Records for the exercise below:

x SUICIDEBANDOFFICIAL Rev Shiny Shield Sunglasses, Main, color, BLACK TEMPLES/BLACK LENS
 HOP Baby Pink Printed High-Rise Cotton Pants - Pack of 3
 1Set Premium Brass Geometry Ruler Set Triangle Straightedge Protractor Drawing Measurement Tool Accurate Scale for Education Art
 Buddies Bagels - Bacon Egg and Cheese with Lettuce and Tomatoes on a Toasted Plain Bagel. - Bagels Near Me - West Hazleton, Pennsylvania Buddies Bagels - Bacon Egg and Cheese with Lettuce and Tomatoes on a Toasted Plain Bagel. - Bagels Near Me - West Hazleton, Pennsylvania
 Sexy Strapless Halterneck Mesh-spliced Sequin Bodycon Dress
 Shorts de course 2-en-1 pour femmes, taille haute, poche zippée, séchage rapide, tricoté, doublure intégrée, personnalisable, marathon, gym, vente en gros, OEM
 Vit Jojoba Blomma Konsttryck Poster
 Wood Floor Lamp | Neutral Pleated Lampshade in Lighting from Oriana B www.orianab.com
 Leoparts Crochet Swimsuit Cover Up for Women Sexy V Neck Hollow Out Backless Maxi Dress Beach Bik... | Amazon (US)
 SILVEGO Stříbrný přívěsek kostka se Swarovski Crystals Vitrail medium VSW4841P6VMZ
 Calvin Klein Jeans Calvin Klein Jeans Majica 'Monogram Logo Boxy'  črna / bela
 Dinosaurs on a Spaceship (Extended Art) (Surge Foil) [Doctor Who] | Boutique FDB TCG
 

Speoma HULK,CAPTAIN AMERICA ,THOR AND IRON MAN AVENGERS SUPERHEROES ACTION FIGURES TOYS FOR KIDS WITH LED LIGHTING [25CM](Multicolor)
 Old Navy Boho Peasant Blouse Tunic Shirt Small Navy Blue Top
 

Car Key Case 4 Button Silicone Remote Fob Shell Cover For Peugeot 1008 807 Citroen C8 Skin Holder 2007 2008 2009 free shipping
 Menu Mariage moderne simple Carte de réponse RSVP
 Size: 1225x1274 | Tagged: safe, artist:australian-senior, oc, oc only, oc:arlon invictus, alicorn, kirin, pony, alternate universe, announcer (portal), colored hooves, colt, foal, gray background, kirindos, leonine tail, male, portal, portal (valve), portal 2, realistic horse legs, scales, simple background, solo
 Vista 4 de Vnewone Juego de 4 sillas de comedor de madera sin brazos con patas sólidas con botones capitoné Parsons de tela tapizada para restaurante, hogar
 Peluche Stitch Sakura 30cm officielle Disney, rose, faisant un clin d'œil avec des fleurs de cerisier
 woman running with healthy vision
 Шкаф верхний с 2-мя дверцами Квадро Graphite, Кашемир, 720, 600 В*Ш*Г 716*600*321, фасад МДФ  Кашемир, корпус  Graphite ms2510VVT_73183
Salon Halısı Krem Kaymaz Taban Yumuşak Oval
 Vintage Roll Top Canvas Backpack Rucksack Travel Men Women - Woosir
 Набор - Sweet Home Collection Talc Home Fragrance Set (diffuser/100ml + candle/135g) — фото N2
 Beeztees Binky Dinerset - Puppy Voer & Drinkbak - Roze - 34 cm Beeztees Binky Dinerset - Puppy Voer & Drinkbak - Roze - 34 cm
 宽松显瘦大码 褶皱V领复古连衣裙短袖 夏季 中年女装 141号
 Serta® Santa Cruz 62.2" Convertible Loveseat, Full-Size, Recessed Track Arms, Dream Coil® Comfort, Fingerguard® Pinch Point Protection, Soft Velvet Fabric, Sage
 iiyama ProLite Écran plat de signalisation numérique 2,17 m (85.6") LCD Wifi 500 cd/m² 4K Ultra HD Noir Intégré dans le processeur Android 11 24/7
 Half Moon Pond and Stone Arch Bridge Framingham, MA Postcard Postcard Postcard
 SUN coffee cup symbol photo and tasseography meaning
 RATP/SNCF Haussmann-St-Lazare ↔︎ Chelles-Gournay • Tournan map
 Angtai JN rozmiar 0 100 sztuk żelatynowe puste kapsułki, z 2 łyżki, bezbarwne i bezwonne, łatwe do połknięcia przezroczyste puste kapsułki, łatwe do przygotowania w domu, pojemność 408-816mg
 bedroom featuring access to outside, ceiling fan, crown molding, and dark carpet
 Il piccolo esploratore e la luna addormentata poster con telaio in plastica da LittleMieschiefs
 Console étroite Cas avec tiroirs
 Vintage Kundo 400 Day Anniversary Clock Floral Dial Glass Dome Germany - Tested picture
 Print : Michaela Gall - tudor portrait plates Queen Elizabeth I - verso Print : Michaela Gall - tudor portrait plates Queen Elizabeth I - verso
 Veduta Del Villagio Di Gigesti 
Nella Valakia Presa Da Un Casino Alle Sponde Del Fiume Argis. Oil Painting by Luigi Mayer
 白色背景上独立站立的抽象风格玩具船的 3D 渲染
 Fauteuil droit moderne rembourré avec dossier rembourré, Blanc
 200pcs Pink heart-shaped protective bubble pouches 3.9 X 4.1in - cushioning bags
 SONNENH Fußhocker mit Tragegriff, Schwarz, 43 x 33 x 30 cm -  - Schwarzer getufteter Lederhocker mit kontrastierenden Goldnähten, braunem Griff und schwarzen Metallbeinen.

End of Records for the exercise.

- _Exercise brief_:
Word for word, set down all of the records above.

- _Exercise solution_:
x SUICIDEBANDOFFICIAL Rev Shiny Shield Sunglasses, Main, color, BLACK TEMPLES/BLACK LENS
 HOP Baby Pink Printed High-Rise Cotton Pants - Pack of 3
 1Set Premium Brass Geometry Ruler Set Triangle Straightedge Protractor Drawing Measurement Tool Accurate Scale for Education Art
 Buddies Bagels - Bacon Egg and Cheese with Lettuce and Tomatoes on a Toasted Plain Bagel. - Bagels Near Me - West Hazleton, Pennsylvania Buddies Bagels - Bacon Egg and Cheese with Lettuce and Tomatoes on a Toasted Plain Bagel. - Bagels Near Me - West Hazleton, Pennsylvania
 Sexy Strapless Halterneck Mesh-spliced Sequin Bodycon Dress
 Shorts de course 2-en-1 pour femmes, taille haute, poche zippée, séchage rapide, tricoté, doublure intégrée, personnalisable, marathon, gym, vente en gros, OEM
 Vit Jojoba Blomma Konsttryck Poster
 Wood Floor Lamp | Neutral Pleated Lampshade in Lighting from Oriana B www.orianab.com
 Leoparts Crochet Swimsuit Cover Up for Women Sexy V Neck Hollow Out Backless Maxi Dress Beach Bik... | Amazon (US)
 SILVEGO Stříbrný přívěsek kostka se Swarovski Crystals Vitrail medium VSW4841P6VMZ
 Calvin Klein Jeans Calvin Klein Jeans Majica 'Monogram Logo Boxy'  črna / bela
 Dinosaurs on a Spaceship (Extended Art) (Surge Foil) [Doctor Who] | Boutique FDB TCG
 

Speoma HULK,CAPTAIN AMERICA ,THOR AND IRON MAN AVENGERS SUPERHEROES ACTION FIGURES TOYS FOR KIDS WITH LED LIGHTING [25CM](Multicolor)
 Old Navy Boho Peasant Blouse Tunic Shirt Small Navy Blue Top
 

Car Key Case 4 Button Silicone Remote Fob Shell Cover For Peugeot 1008 807 Citroen C8 Skin Holder 2007 2008 2009 free shipping
 Menu Mariage moderne simple Carte de réponse RSVP
 Size: 1225x1274 | Tagged: safe, artist:australian-senior, oc, oc only, oc:arlon invictus, alicorn, kirin, pony, alternate universe, announcer (portal), colored hooves, colt, foal, gray background, kirindos, leonine tail, male, portal, portal (valve), portal 2, realistic horse legs, scales, simple background, solo
 Vista 4 de Vnewone Juego de 4 sillas de comedor de madera sin brazos con patas sólidas con botones capitoné Parsons de tela tapizada para restaurante, hogar
 Peluche Stitch Sakura 30cm officielle Disney, rose, faisant un clin d'œil avec des fleurs de cerisier
 woman running with healthy vision
 Шкаф верхний с 2-мя дверцами Квадро Graphite, Кашемир, 720, 600 В*Ш*Г 716*600*321, фасад МДФ  Кашемир, корпус  Graphite ms2510VVT_73183
Salon Halısı Krem Kaymaz Taban Yumuşak Oval
 Vintage Roll Top Canvas Backpack Rucksack Travel Men Women - Woosir
 Набор - Sweet Home Collection Talc Home Fragrance Set (diffuser/100ml + candle/135g) — фото N2
 Beeztees Binky Dinerset - Puppy Voer & Drinkbak - Roze - 34 cm Beeztees Binky Dinerset - Puppy Voer & Drinkbak - Roze - 34 cm
 宽松显瘦大码 褶皱V领复古连衣裙短袖 夏季 中年女装 141号
 Serta® Santa Cruz 62.2" Convertible Loveseat, Full-Size, Recessed Track Arms, Dream Coil® Comfort, Fingerguard® Pinch Point Protection, Soft Velvet Fabric, Sage
 iiyama ProLite Écran plat de signalisation numérique 2,17 m (85.6") LCD Wifi 500 cd/m² 4K Ultra HD Noir Intégré dans le processeur Android 11 24/7
 Half Moon Pond and Stone Arch Bridge Framingham, MA Postcard Postcard Postcard
 SUN coffee cup symbol photo and tasseography meaning
 RATP/SNCF Haussmann-St-Lazare ↔︎ Chelles-Gournay • Tournan map
 Angtai JN rozmiar 0 100 sztuk żelatynowe puste kapsułki, z 2 łyżki, bezbarwne i bezwonne, łatwe do połknięcia przezroczyste puste kapsułki, łatwe do przygotowania w domu, pojemność 408-816mg
 bedroom featuring access to outside, ceiling fan, crown molding, and dark carpet
 Il piccolo esploratore e la luna addormentata poster con telaio in plastica da LittleMieschiefs
 Console étroite Cas avec tiroirs
 Vintage Kundo 400 Day Anniversary Clock Floral Dial Glass Dome Germany - Tested picture
 Print : Michaela Gall - tudor portrait plates Queen Elizabeth I - verso Print : Michaela Gall - tudor portrait plates Queen Elizabeth I - verso
 Veduta Del Villagio Di Gigesti 
Nella Valakia Presa Da Un Casino Alle Sponde Del Fiume Argis. Oil Painting by Luigi Mayer
 白色背景上独立站立的抽象风格玩具船的 3D 渲染
 Fauteuil droit moderne rembourré avec dossier rembourré, Blanc
 200pcs Pink heart-shaped protective bubble pouches 3.9 X 4.1in - cushioning bags
 SONNENH Fußhocker mit Tragegriff, Schwarz, 43 x 33 x 30 cm -  - Schwarzer getufteter Lederhocker mit kontrastierenden Goldnähten, braunem Griff und schwarzen Metallbeinen.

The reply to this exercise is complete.